Article
Comment passer de micro-entrepreneur à société ?
Passer de micro-entrepreneur à société ne consiste pas à transformer un statut en un autre, comme on transformerait une SARL en SAS. La micro-entreprise reste une entreprise individuelle : elle n'a pas de personnalité juridique distincte de celle de l'entrepreneur. Créer une société signifie donner naissance à une nouvelle personne morale, puis lui transférer l'activité exercée jusque-là sous le régime micro.
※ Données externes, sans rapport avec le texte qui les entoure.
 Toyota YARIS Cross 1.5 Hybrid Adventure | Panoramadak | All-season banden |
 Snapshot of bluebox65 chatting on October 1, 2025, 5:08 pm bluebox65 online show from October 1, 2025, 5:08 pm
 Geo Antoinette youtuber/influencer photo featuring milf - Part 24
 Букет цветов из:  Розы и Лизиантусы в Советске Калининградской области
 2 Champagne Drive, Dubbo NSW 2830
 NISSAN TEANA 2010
Ce changement de structure répond le plus souvent à une évolution de l'activité : dépassement des seuils du régime micro, besoin de s'associer, volonté de séparer plus nettement le patrimoine personnel du patrimoine professionnel, ou recherche d'une meilleure crédibilité auprès des clients et des partenaires financiers.
Cet article détaille les étapes concrètes du passage en société, les deux méthodes possibles pour transférer l'activité, les critères de choix de la forme juridique et les conséquences fiscales et sociales à anticiper.
Accès direct :
Pourquoi ce n'est pas une simple transformation de statut
Le micro-entrepreneur exerce son activité en tant qu'entreprise individuelle (EI). Depuis la loi n° 2022-172 du 14 février 2022, l'entrepreneur individuel bénéficie d'une séparation automatique entre son patrimoine personnel et son patrimoine professionnel. Cette évolution renforce la protection du dirigeant, mais elle ne crée pas de personne morale : l'entreprise individuelle demeure rattachée à la personne physique de l'entrepreneur.
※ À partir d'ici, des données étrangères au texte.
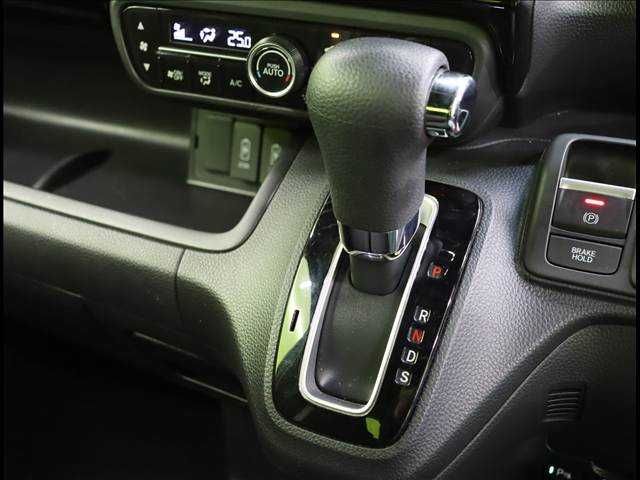 HONDA N BOX CUSTOM 2023 Image 31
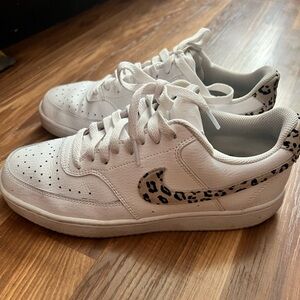 Nike Court Vision Low Leopard Print size 9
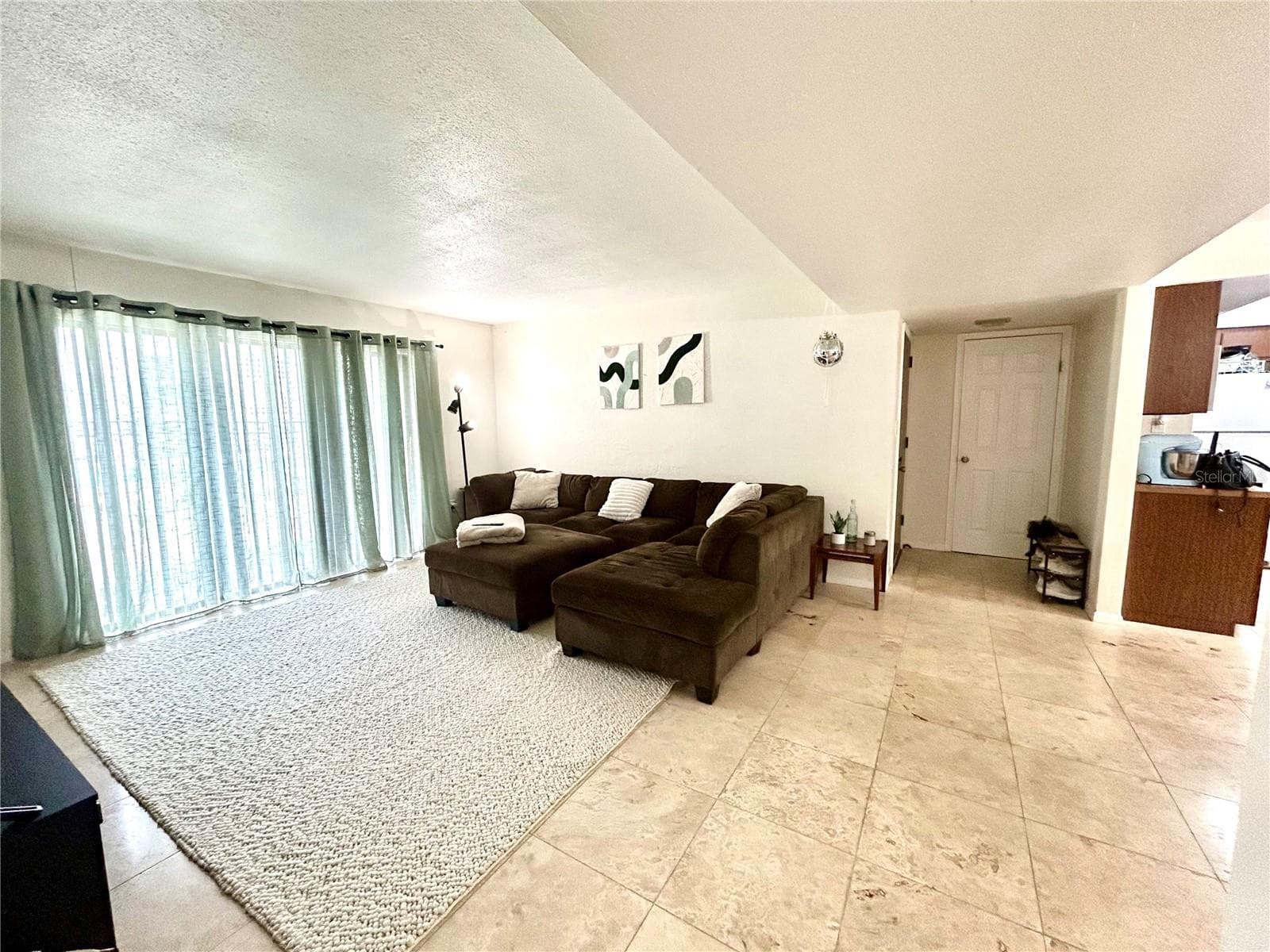 Living Room and Front Entry - 407 NW 39TH RD #407C, GAINESVILLE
Une société, à l'inverse, constitue une personne morale distincte de ses associés. Elle possède son propre patrimoine, son propre numéro SIREN, et conclut les contrats en son nom propre. Passer de l'une à l'autre suppose donc de créer cette nouvelle personne morale, puis de lui transférer l'activité, les contrats, les actifs et, le cas échéant, les salariés.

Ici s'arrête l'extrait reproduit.